[Crawled caption data]
..............................
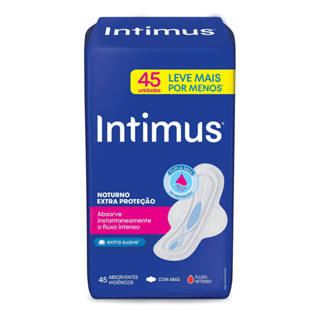 Absorvente Intimus Noturno Extra Proteção Extra Suave com Abas 45 Unidades em Oferta na Shopee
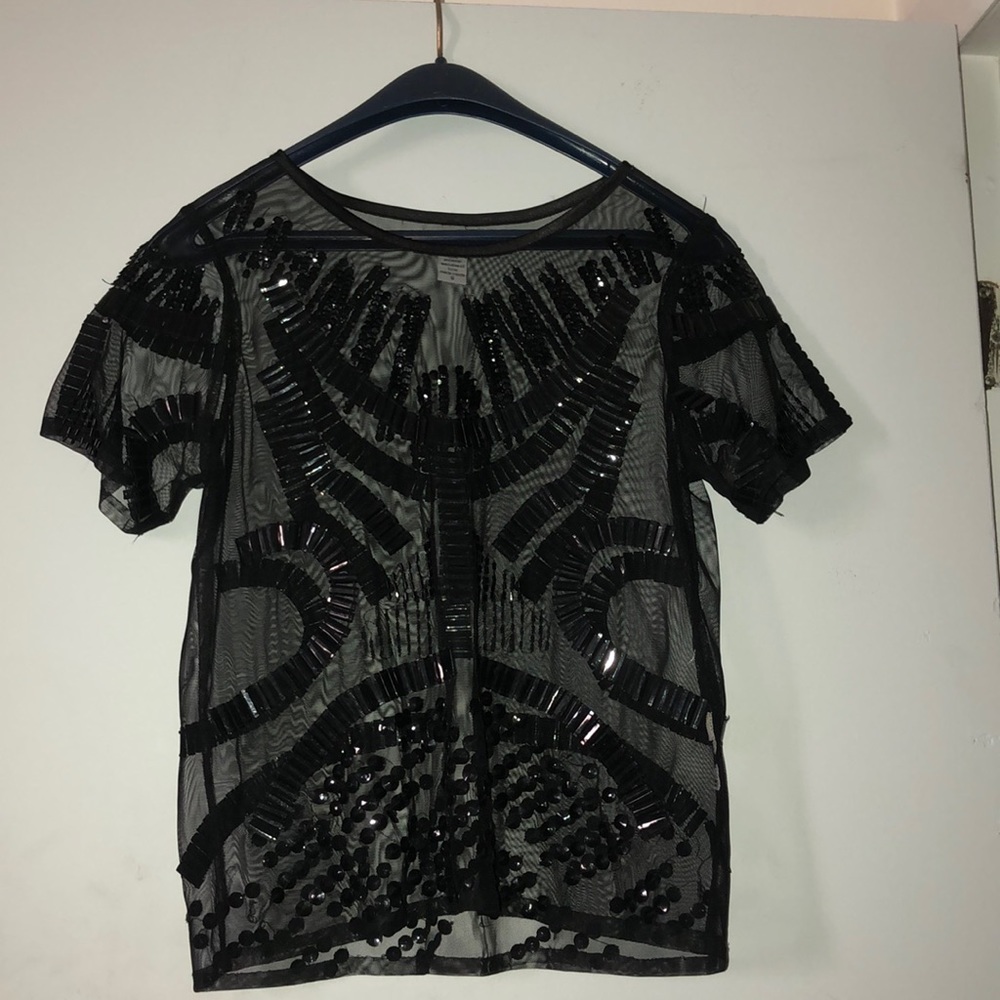 Back see through top with sequence size S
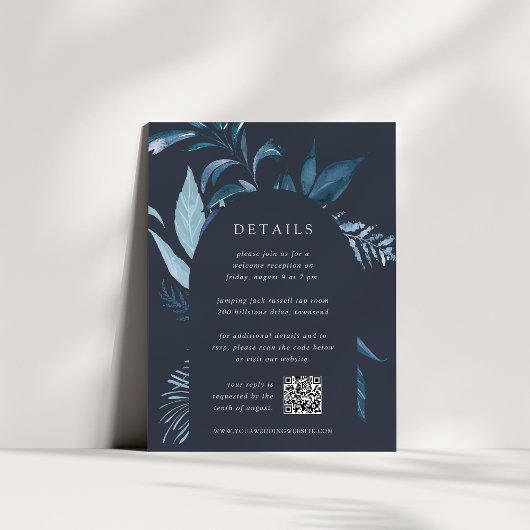 Winter Azure Botanical QR Code Wedding Details Informatiekaartje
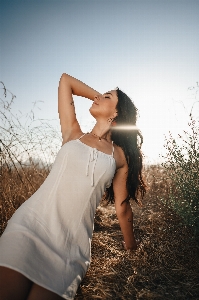 Woman sky flash photography people in nature Photo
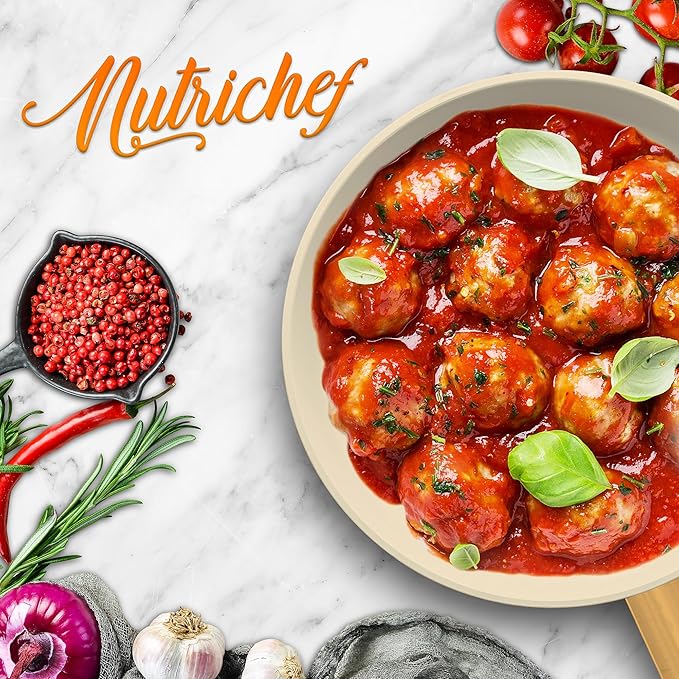 NutriChef 8 Inch Small Ceramic Coated Frying Pan - Nonstick Skillet with Silicone Handle, Easy to Clean, Even Heat Distribution, Compatible with Gas, Electric, Induction, Ceramic & Counter Cooktops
..............................
WHAT THE TASK REQUIRES: An answer that restates all the entries exactly and drops the images is what is needed.

RESPONSE FOR THIS EXERCISE:
 Absorvente Intimus Noturno Extra Proteção Extra Suave com Abas 45 Unidades em Oferta na Shopee
 Back see through top with sequence size S
 Winter Azure Botanical QR Code Wedding Details Informatiekaartje
 Woman sky flash photography people in nature Photo
 NutriChef 8 Inch Small Ceramic Coated Frying Pan - Nonstick Skillet with Silicone Handle, Easy to Clean, Even Heat Distribution, Compatible with Gas, Electric, Induction, Ceramic & Counter Cooktops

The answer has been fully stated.